Aviation Capital Group’s third-quarter results for 2025 clearly demonstrate a company executing a well-defined strategy. Through disciplined financial management, strategic fleet expansion focused on new-technology aircraft, and improved operational efficiencies, ACG has strengthened its market position. The significant increase in operating cash flow and a robust liquidity position provide a solid foundation for capitalizing on future opportunities in the dynamic aviation marketplace.

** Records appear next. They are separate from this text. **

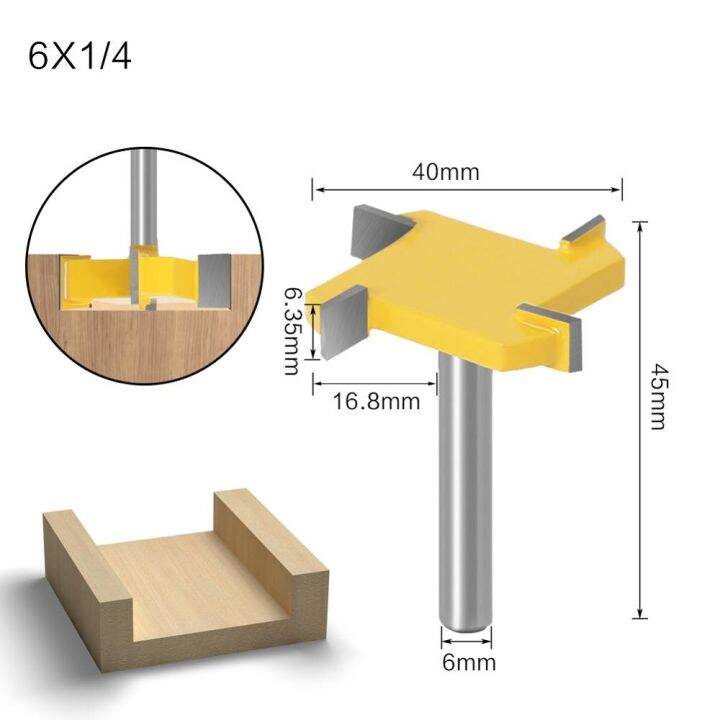 1pc-6mm-shank-4-edge-t-type-slotting-cutter-เครื่องมืองานไม้-router-bits-สําหรับเครื่องตัดไม้มิลลิ่งไม้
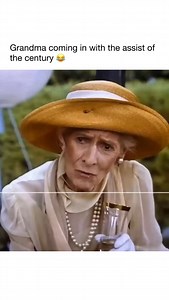 351K views · 7.9K reactions | Grandma is the wingman we all need...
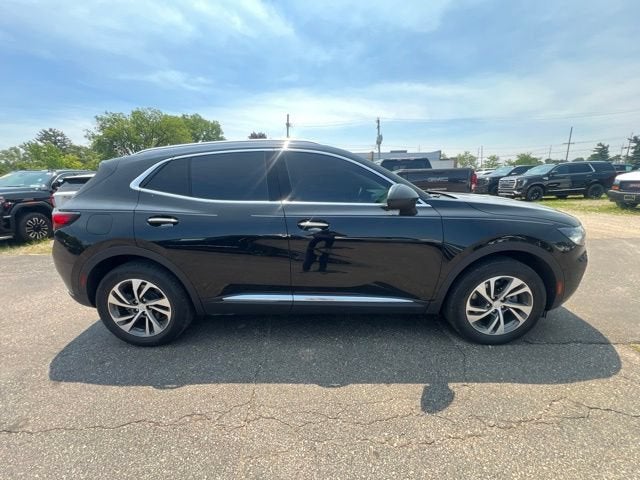 2021 Buick Envision Essence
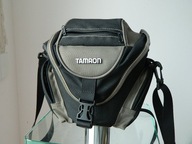 A.5.TORBA FOTOGRAFICZNA TAMRON C-1505 SZARA NOWA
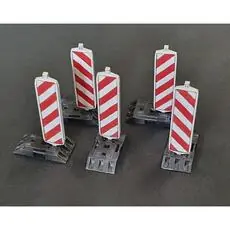 Direct columns in 1:35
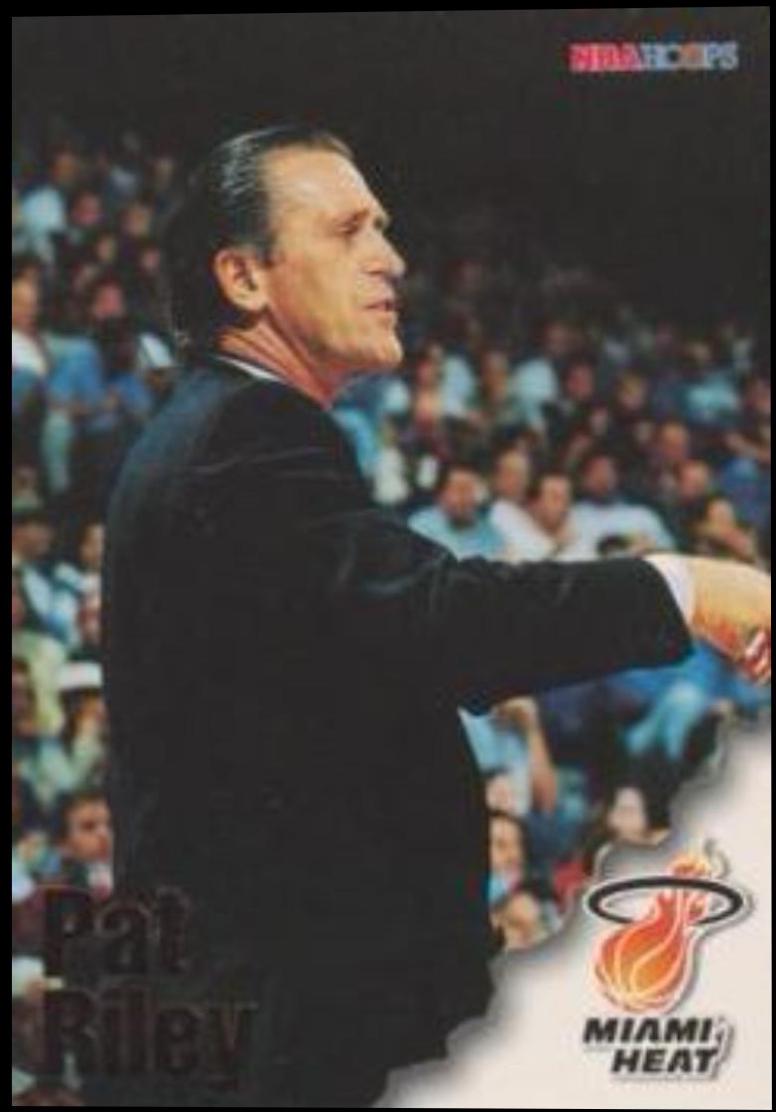 Pat Riley #262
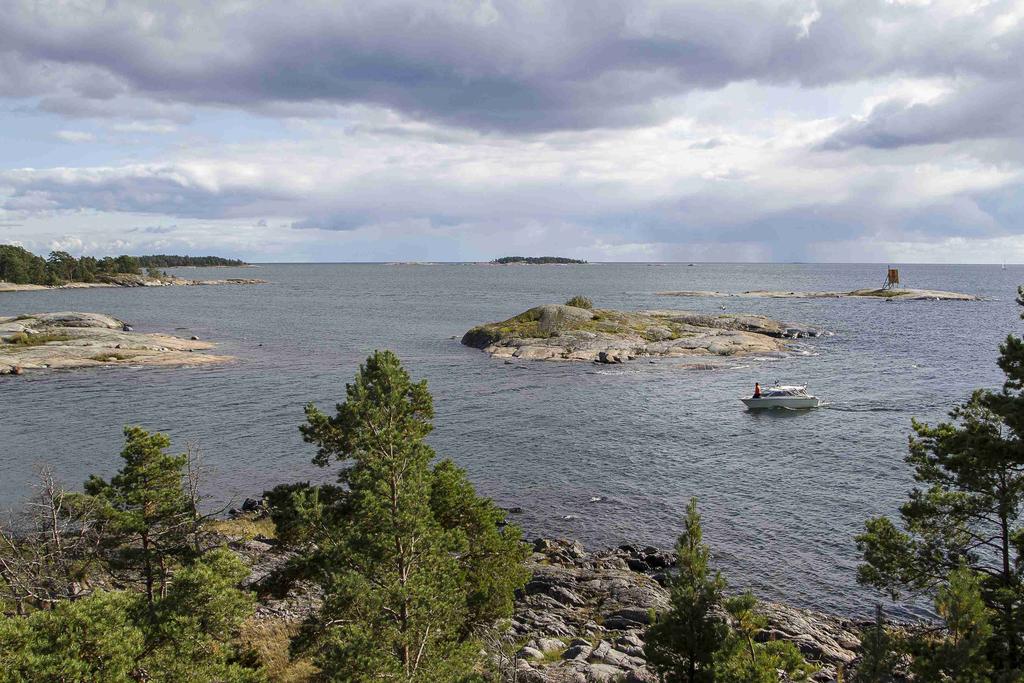 Jos lihantuotanto ja -kulutus olisivat vähäisempää, tultaisiin toimeen pienemmällä peltoalalla, joka vähentäisi suoraan kuormitusta vesistöihin.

Looking ahead, ACG appears well-equipped to navigate the opportunities and challenges of the global aviation landscape. The continued demand for air travel and the airline industry’s imperative to operate more efficient and sustainable fleets play directly to the strengths of ACG’s business model. The company’s strong balance sheet and strategic focus suggest it is on a clear runway for sustained growth and performance into 2026 and beyond.

FAQ

Question: What does Aviation Capital Group (ACG) do?
Answer: ACG is a global, full-service aircraft asset manager. It primarily owns and manages a portfolio of commercial jet aircraft, which it leases to airlines around the world. It also provides asset management services and financing solutions.

Question: What were the main highlights of ACG’s Q3 2025 financial-results?
Answer: For the nine months ended September 30, 2025, ACG reported total revenues of $934.7 million, a 17% increase in cash flow from operations, and total assets of $13.7 billion. The company also maintained a strong liquidity position of $5.8 billion and a low net debt-to-equity ratio of 1.9x.

Question: How is ACG managing its aircraft fleet?
Answer: ACG is actively growing and modernizing its fleet. In Q3 2025, it added 16 aircraft, 12 of which were new-technology models like the A320neo and 737 MAX. The company grew its portfolio by 12% in the first nine months of 2025 through both direct orders and strategic acquisitions.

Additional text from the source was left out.